It’s all about adaptation

I admit to having paid too much attention to the financial headlines recently. Though naturally an optimist, even I am beginning to feel somewhat jaded by all the turmoil out there. With so many information sources at my fingertips, it's easy to see the same bad headlines repeated over and over, with the result that a 'decline in positive sentiment' is a fate accompli.

It is important to retain some perspective. The world is changing and our financial systems, and all the businesses that rely on them, are changing. Business models that have relied upon cheap lending are no longer sustainable, just as lifestyles that were built around debt. Everything is going through a process of, sometimes, uncomfortable adaptation. In the long run though, adaptation is the only answer.

Renesas said yesterday that it was in negotiations to divest its production facility in Germany. The prospective buyers are former managers and their plan is to turn the foundry into a specialised producer of lower volume, analog/mixed signal parts, with an emphasis on serving the European market. It takes a great deal of courage to invest in semiconductor production right now, but let's not forget that fortune favours the brave. In this case, let's hope the Landshut facility can adapt in time and that it isn't saddled with constricting debts.

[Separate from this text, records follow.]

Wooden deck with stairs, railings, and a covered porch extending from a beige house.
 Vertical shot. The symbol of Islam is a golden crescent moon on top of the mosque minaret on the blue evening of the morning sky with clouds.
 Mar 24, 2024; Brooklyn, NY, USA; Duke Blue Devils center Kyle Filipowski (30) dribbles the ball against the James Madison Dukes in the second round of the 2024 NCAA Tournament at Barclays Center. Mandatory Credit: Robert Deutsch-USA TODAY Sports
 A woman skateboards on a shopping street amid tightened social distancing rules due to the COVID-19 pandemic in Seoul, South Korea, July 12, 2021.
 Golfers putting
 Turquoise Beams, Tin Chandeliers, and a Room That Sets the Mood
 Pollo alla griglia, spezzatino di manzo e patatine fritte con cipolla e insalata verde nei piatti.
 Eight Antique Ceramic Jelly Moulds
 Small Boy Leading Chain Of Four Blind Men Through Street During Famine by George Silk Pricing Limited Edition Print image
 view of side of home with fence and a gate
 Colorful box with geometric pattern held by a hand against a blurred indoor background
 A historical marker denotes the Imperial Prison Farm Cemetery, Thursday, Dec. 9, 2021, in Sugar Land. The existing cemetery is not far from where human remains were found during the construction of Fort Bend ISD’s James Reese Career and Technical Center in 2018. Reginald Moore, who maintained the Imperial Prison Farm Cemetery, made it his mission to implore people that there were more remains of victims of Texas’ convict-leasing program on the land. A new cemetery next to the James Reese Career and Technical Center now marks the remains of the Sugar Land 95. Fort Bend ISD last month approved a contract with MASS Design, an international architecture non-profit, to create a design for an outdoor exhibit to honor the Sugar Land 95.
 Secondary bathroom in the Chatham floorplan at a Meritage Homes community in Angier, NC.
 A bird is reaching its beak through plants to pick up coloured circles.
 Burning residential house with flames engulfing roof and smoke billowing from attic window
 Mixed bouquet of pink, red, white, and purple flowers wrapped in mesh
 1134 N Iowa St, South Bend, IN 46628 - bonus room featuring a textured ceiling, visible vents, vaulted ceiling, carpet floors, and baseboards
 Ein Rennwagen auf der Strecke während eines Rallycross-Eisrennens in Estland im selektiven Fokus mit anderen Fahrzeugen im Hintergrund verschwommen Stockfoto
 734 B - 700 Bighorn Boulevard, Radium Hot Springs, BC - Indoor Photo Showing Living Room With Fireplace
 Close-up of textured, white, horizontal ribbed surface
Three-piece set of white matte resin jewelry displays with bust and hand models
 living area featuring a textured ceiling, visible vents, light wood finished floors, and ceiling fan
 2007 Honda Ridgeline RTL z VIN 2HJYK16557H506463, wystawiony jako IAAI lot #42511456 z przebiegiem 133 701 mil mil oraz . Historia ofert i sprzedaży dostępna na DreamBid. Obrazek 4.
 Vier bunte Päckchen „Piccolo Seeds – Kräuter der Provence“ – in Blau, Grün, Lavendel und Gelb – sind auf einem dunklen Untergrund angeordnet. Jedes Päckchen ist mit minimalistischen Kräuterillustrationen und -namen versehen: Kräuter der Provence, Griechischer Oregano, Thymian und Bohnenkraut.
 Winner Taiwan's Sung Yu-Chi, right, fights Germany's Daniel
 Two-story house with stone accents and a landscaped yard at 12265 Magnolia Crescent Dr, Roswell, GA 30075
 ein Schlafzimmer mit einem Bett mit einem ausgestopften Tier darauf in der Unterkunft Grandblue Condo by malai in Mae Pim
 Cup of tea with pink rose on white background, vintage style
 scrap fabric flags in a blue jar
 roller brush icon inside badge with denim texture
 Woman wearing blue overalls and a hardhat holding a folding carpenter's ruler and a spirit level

Clearly, these managers are optimistic that they can adapt Renesas to the challenges of the post credit crunch analog electronics market and they have solid grounds for believing in a fundamentally bright outlook for the sector.

That's because alongside 2007 Analog Market Share data released by Databeans in April 2008, it said that the overall outlook for the analog market is positive. It added that 'the most successful analog suppliers for last year were those that reduced expenses, or found new opportunities for growth in other product areas, such as in the industrial market segments.'

Application-specific analog products lost 6 percent overall from 2006. However, the application-specific automotive segment had a strong year, seeing revenues grow 21 percent from $3.6 billion to $4.4 billion. Silicon Foundry Holdings (the buyout company) will be in a good position to capitalise on these sectors. While conditions in the industry are challenging and look set to remain that way for some time, those players that can adapt swiftly to exploit these growth segments appear to have a reasonable tailwind behind them.